# EXERCISE
In the data below, the answer is the run of lines from the line containing "Har-Ber Village-Grove必去景点" through the line containing "Palmove Luxurious Beachfront", both included; print it exactly and nothing else.

Crawled caption data
_ _ _ _ _ _ _

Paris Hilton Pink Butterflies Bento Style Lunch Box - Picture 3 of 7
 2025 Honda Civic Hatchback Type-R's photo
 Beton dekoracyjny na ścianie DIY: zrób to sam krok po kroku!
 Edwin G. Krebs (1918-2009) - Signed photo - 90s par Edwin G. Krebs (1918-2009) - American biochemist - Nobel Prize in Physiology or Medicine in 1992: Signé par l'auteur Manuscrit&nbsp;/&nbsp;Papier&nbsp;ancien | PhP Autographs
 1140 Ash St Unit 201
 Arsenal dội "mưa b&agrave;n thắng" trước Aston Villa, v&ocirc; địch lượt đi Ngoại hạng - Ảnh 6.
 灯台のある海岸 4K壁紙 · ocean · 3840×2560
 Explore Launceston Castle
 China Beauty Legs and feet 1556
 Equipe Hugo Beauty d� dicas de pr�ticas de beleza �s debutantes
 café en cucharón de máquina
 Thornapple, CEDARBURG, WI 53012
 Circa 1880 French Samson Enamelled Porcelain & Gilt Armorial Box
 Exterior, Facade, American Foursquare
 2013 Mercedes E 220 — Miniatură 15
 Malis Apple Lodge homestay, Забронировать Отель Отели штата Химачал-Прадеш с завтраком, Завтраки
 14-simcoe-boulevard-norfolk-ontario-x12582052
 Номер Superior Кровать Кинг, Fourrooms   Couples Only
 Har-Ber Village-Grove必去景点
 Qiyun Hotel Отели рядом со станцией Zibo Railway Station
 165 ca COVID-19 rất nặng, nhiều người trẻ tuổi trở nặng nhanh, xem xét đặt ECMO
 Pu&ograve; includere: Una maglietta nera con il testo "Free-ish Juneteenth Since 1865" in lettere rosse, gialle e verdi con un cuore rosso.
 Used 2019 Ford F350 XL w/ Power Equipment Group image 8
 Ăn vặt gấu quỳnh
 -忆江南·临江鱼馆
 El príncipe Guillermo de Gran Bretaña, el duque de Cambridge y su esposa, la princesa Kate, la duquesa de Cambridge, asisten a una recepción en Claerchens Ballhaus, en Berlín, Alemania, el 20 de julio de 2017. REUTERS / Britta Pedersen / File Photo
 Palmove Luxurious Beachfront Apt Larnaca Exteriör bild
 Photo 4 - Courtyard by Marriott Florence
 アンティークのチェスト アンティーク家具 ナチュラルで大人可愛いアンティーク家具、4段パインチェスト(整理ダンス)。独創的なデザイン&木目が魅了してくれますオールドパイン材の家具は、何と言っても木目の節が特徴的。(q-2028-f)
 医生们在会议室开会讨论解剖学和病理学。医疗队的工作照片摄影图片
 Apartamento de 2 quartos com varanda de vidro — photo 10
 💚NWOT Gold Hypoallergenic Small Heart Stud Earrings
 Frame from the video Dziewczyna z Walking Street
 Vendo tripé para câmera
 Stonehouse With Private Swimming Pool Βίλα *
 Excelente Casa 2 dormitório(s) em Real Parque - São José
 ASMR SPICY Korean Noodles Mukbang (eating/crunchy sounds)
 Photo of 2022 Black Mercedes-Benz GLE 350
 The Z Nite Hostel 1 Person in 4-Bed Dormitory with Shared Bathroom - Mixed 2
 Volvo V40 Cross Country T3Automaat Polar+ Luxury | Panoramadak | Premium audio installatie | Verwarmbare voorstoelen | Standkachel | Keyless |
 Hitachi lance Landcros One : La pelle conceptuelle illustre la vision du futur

_ _ _ _ _ _ _

# TASK RESULT
 Har-Ber Village-Grove必去景点
 Qiyun Hotel Отели рядом со станцией Zibo Railway Station
 165 ca COVID-19 rất nặng, nhiều người trẻ tuổi trở nặng nhanh, xem xét đặt ECMO
 Pu&ograve; includere: Una maglietta nera con il testo "Free-ish Juneteenth Since 1865" in lettere rosse, gialle e verdi con un cuore rosso.
 Used 2019 Ford F350 XL w/ Power Equipment Group image 8
 Ăn vặt gấu quỳnh
 -忆江南·临江鱼馆
 El príncipe Guillermo de Gran Bretaña, el duque de Cambridge y su esposa, la princesa Kate, la duquesa de Cambridge, asisten a una recepción en Claerchens Ballhaus, en Berlín, Alemania, el 20 de julio de 2017. REUTERS / Britta Pedersen / File Photo
 Palmove Luxurious Beachfront Apt Larnaca Exteriör bild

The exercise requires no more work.